Requirement -
Output, exactly as written, the lines below from the one that has "Ramkhelawan - Front" through the one that has "Dolce &amp; Gabbana"; nothing else, and no pictures.

Materials provided -

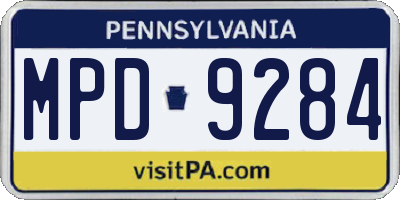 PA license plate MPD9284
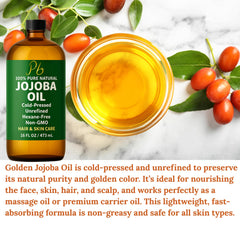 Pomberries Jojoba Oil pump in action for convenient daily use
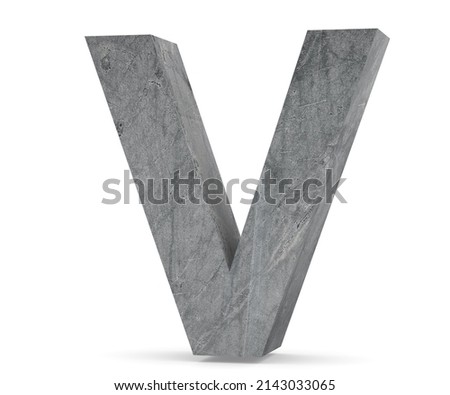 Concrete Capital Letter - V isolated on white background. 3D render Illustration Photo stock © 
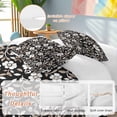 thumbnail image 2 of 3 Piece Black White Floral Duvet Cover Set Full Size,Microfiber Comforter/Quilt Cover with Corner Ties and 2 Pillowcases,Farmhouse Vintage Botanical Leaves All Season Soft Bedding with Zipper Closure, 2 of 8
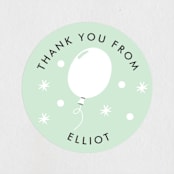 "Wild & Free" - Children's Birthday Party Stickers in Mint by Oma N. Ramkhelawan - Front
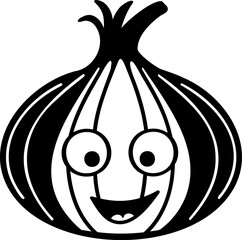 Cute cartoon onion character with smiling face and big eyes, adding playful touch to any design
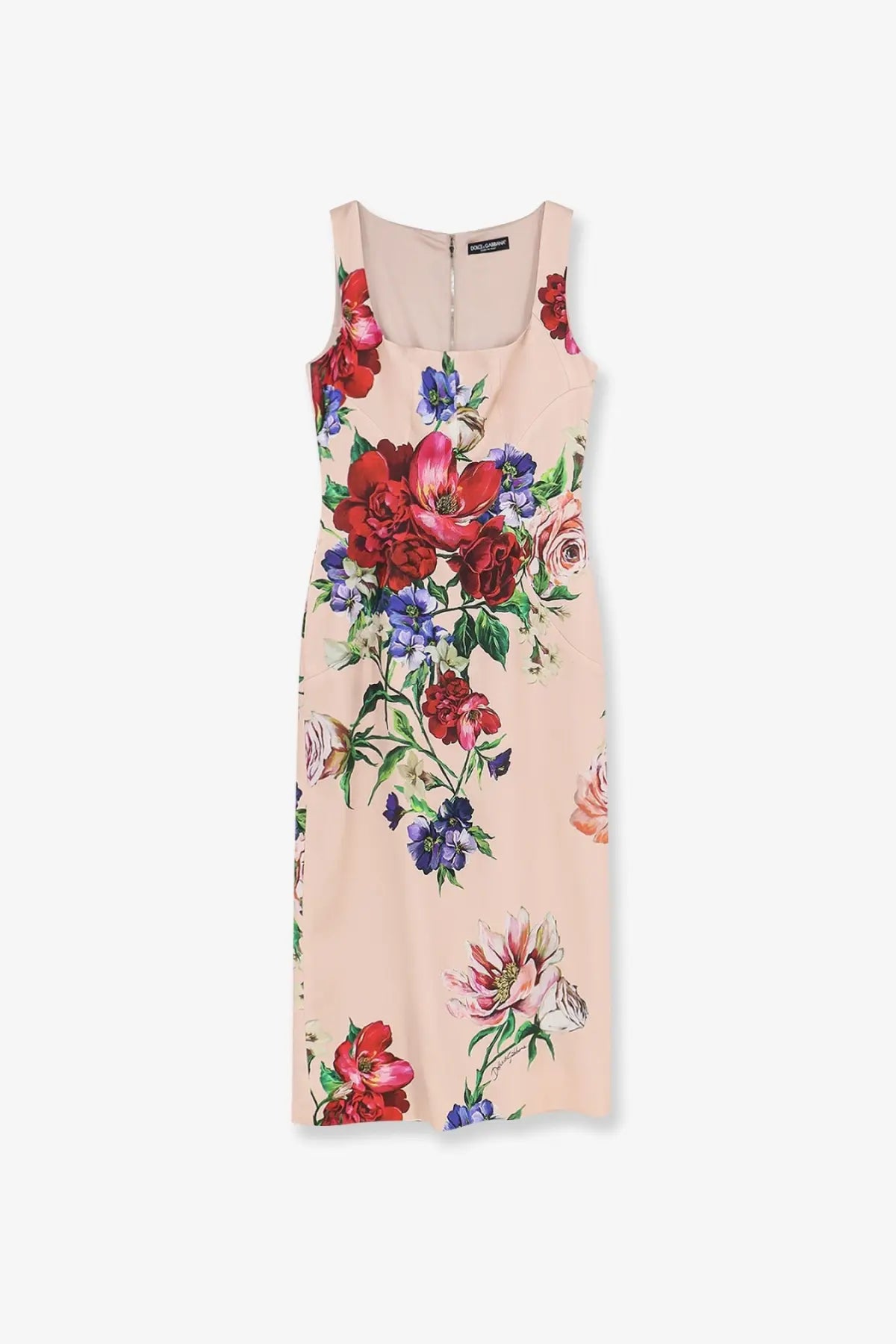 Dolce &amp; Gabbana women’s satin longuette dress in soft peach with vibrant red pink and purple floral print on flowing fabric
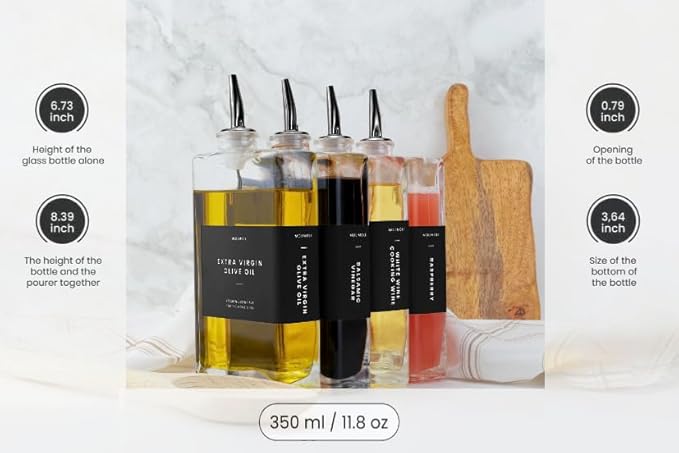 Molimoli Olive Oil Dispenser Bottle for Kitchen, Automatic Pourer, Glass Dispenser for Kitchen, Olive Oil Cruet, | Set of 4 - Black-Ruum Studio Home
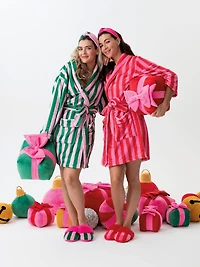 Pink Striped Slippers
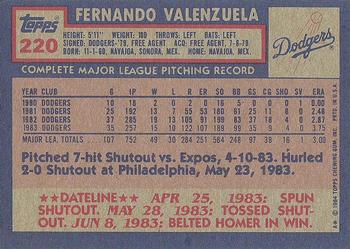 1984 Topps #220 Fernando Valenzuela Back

* * *

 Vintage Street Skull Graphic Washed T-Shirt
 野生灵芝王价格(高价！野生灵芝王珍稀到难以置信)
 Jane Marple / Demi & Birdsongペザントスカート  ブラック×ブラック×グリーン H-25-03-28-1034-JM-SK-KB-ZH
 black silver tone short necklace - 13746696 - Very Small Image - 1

==

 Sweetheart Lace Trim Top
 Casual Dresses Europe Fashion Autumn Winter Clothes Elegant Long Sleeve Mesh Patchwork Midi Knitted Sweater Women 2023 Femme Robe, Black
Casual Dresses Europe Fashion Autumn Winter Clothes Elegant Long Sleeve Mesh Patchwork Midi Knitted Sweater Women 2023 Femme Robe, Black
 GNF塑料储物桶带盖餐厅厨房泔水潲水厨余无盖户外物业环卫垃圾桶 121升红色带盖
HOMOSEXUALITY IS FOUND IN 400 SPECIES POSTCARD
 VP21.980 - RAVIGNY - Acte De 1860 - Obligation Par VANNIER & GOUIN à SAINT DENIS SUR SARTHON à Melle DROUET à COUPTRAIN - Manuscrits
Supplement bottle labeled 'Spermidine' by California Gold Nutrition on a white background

Solution to the problem -
 "Wild & Free" - Children's Birthday Party Stickers in Mint by Oma N. Ramkhelawan - Front
 Cute cartoon onion character with smiling face and big eyes, adding playful touch to any design
 Dolce &amp; Gabbana women’s satin longuette dress in soft peach with vibrant red pink and purple floral print on flowing fabric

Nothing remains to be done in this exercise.